Extracted data —
·····
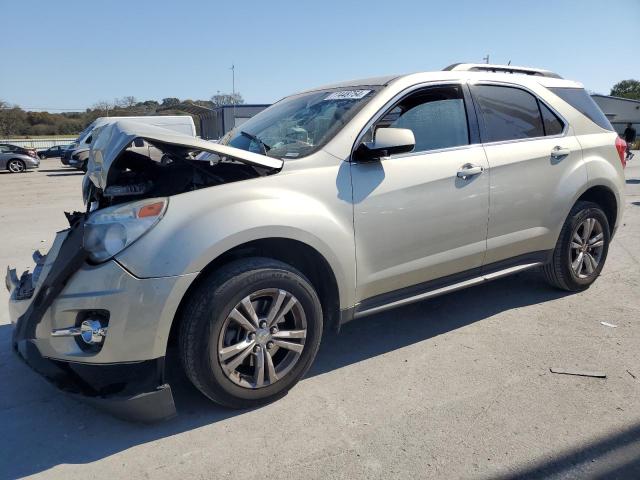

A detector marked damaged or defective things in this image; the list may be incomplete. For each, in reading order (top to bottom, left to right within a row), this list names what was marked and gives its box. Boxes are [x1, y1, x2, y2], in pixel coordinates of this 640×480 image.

crumpled hood [87, 120, 282, 189]
broken headlight lens [82, 197, 168, 262]
damaged front end [7, 122, 282, 422]
detached bumper piece [12, 216, 176, 422]
detached bumper piece [15, 340, 175, 422]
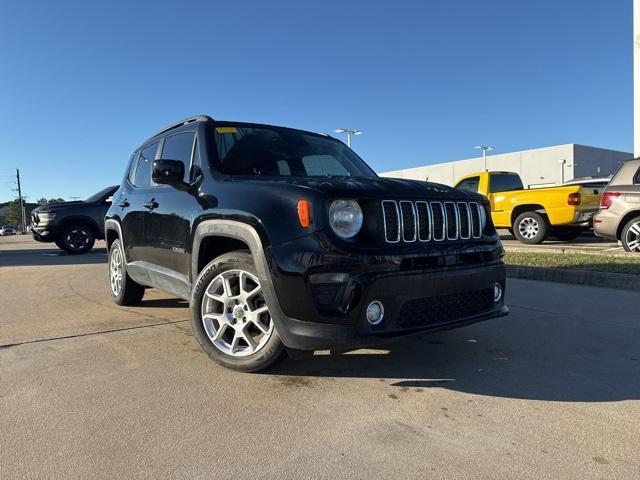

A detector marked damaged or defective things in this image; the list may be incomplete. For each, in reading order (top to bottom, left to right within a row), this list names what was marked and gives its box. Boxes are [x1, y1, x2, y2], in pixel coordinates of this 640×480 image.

pavement crack [0, 318, 190, 348]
·····
What the exercise asks —
When copying the records above, please match them exactly but leave out all pictures.

Your solution —
A detector marked damaged or defective things in this image; the list may be incomplete. For each, in reading order (top to bottom, left to right within a row), this list names what was marked and gives its box. Boxes are [x1, y1, x2, y2], in pixel coordinates of this 640×480 image.

crumpled hood [87, 120, 282, 189]
broken headlight lens [82, 197, 168, 262]
damaged front end [7, 122, 282, 422]
detached bumper piece [12, 216, 176, 422]
detached bumper piece [15, 340, 175, 422]

A detector marked damaged or defective things in this image; the list may be incomplete. For each, in reading order (top to bottom, left to right within a row), this list names what was marked and gives its box. Boxes are [x1, y1, x2, y2], in pixel coordinates of this 640×480 image.

pavement crack [0, 318, 190, 348]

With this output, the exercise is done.